Extracted data entries
──────────────────────────────
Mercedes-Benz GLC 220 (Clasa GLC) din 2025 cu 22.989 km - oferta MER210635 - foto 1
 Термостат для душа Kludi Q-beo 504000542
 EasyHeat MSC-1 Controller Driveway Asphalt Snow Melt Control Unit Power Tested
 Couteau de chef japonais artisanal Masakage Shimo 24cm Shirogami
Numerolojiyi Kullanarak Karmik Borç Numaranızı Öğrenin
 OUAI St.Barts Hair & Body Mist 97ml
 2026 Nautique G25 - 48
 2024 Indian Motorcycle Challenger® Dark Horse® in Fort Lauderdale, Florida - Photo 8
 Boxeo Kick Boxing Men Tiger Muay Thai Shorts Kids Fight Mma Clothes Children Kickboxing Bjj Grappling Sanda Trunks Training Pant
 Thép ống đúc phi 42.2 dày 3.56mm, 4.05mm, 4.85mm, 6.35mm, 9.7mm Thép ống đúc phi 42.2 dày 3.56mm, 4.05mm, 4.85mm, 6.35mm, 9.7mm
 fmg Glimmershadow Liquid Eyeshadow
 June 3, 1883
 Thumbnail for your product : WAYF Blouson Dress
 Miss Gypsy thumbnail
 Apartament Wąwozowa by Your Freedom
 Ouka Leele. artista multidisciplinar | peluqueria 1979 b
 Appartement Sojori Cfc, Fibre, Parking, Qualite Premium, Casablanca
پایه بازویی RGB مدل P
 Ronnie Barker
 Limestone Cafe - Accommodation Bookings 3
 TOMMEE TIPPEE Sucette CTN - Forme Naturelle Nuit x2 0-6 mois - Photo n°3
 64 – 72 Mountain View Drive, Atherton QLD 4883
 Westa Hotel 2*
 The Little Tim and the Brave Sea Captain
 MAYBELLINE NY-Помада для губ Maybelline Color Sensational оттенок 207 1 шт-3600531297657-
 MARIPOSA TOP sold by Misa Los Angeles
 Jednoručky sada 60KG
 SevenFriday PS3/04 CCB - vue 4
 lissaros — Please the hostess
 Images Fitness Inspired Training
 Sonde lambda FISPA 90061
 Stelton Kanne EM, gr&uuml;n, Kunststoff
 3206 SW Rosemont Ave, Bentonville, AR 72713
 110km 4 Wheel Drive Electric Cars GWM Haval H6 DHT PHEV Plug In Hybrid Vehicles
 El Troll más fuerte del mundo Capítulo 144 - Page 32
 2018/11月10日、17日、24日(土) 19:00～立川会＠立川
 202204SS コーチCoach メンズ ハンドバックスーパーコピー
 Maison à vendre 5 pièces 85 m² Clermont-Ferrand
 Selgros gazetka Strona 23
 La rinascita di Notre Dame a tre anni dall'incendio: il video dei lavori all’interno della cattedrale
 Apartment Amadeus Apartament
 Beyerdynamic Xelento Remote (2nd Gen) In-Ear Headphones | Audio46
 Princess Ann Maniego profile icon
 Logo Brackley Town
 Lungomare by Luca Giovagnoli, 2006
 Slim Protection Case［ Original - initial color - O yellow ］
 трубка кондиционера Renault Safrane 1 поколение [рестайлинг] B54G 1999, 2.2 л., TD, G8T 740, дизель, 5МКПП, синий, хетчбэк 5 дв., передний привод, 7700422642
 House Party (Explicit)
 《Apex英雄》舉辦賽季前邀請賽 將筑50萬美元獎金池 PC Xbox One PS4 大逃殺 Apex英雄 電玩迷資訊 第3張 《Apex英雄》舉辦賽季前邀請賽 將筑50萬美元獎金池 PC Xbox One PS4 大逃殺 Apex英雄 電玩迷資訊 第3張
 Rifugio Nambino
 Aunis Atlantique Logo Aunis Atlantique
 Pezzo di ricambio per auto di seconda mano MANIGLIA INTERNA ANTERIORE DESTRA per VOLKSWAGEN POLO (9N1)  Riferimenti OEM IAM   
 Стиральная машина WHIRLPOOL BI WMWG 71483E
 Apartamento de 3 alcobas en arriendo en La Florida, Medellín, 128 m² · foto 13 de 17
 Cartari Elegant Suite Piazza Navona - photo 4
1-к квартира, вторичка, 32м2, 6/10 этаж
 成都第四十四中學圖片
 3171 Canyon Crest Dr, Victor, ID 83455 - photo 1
──────────────────────────────
Exercise instructions
Note every line of the records that holds the word "Logo", and copy it.

Expected answer
 Logo Brackley Town
 Aunis Atlantique Logo Aunis Atlantique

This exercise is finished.